Probablemente sea sólo mera cursilería o vulgar afán de notoriedad lo que impide a algunos políticos hablar llanamente o al menos sin retorcer caprichosamente el lenguaje.

Este deseo de protagonismo y de diferenciarse de los demás mortales es el que creo que les lleva a cometer estos errores. En tiempos pasados, la política era el arte de bien dirigir a los pueblos, para lo que se empleaba frecuentemente la palabra. Ahora es el arte de alcanzar y conservar el poder, y de paso enriquecerse si se tercia. La palabra, que convence e ilustra, ha cedido terreno frente al voto, que es lo que permite alcanzar el poder. Por eso ahora los políticos no se preocupan apenas de las palabras y buscan, en cambio, los votos «como sea».
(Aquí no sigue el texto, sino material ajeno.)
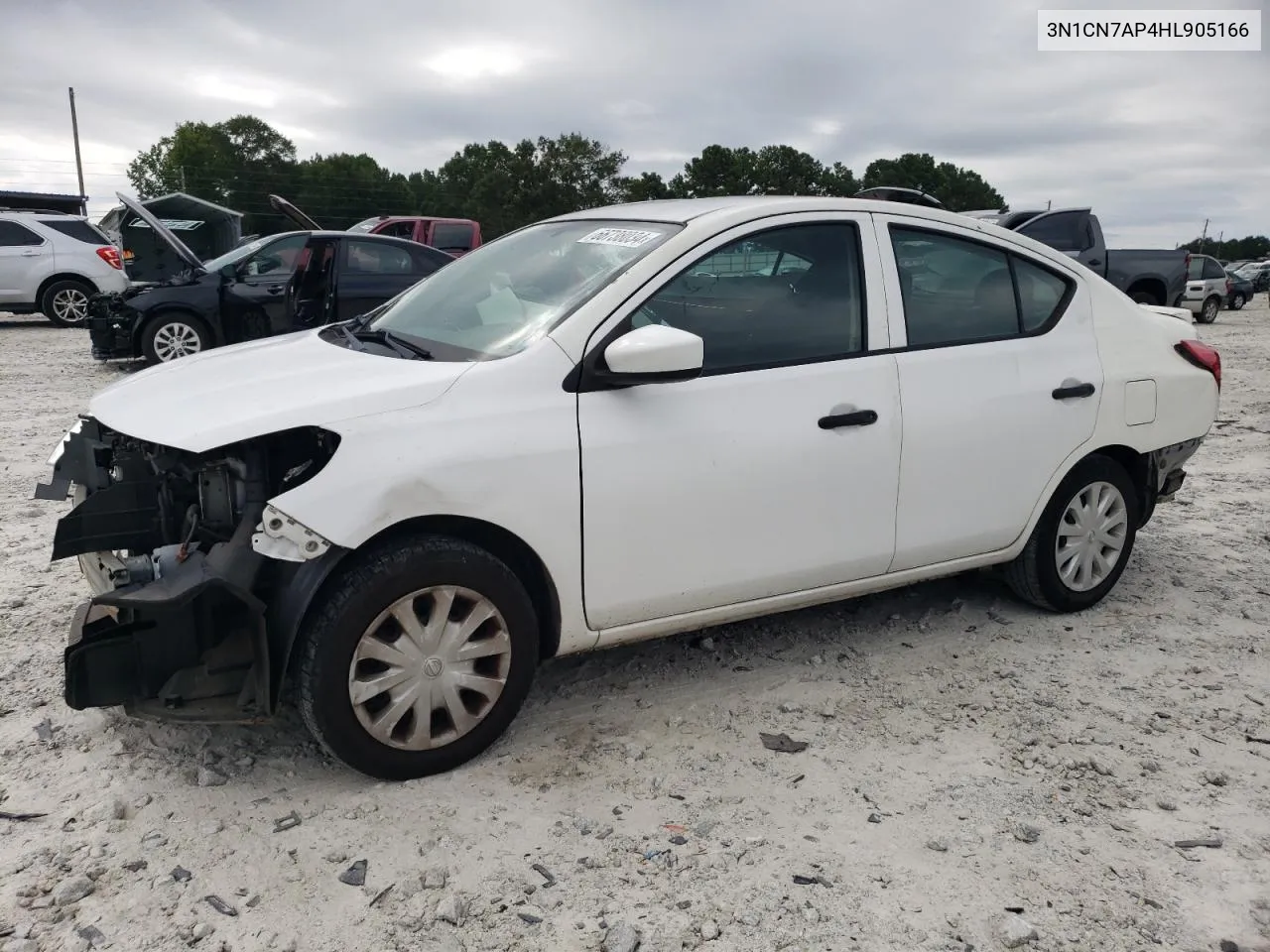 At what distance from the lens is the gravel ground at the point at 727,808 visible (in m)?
2.43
Pero, eso sí, les gusta diferenciarse del pueblo al que dicen servir. Siguen en eso a figurones y figurines. Si la gente dice recibir, ellos, todos los cursis, dirán «recepcionar». Si todo el mundo ve un paisaje o un cuadro, ellos lo «visualizan» o lo «visionan». Cuando todos abrimos una cuenta, ellos la «aperturan». Recibir, ver o abrir les parecen palabras corrientes, simples, indignas de sus importantes cargos o de su televisiva «fama», que no prestigio.
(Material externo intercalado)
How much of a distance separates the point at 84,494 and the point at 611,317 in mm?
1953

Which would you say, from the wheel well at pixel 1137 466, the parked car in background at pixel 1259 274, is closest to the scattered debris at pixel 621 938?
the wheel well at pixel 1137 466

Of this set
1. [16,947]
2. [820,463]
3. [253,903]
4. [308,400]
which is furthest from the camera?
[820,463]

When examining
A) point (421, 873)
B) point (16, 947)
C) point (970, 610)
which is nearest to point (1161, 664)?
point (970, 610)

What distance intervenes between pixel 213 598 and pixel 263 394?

Aunque lo que verdaderamente suele ser indigno de sus cargos es su ignorancia. No lo digo por el señor Alonso, que parece un hombre serio, sensato y responsable, sino por otros muchos «famosos» y políticos, que pocas veces dan la talla. Resulta bastante penoso oír a altos cargos de la nación chapurrear el francés o el inglés. Menos mal que en eso nos redime la Corona. Es una satisfacción escuchar al Rey, al Príncipe y especialmente a la Reina, cuando hablan en otros idiomas.
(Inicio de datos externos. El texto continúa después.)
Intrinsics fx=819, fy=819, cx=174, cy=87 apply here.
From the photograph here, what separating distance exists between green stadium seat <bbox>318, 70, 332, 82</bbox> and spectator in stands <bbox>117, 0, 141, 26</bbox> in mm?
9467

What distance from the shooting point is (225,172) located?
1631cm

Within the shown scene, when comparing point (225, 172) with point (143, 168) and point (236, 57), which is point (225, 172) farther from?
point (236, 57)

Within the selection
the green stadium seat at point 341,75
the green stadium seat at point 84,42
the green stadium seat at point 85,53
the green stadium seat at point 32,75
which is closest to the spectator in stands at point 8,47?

Volviendo a la cursilería ésa de «recepcionar» hay que decir, en descargo del señor Ministro, que los dos países vecinos sí tienen esa palabra en su vocabulario. En portugués se usa «recepcionar», que está en los diccionarios con el significado de recibir, y en francés existe «réceptionner», con el significado de recibir algo comprobando que lo recibido está en orden, buen estado, documentado, etcétera, es decir, recibir dando la conformidad con lo recibido. A pesar de que no suena bien en castellano, quizá no sería mala adquisición para nuestra lengua, pues el vocablo francés añade un matiz interesante. Pero, de momento, es palabra sin DNI español, cuyo uso, paradójicamente, parece quedar reservado para ministros.

Publicado en "La Nueva España" el 2 de Julio de 2007.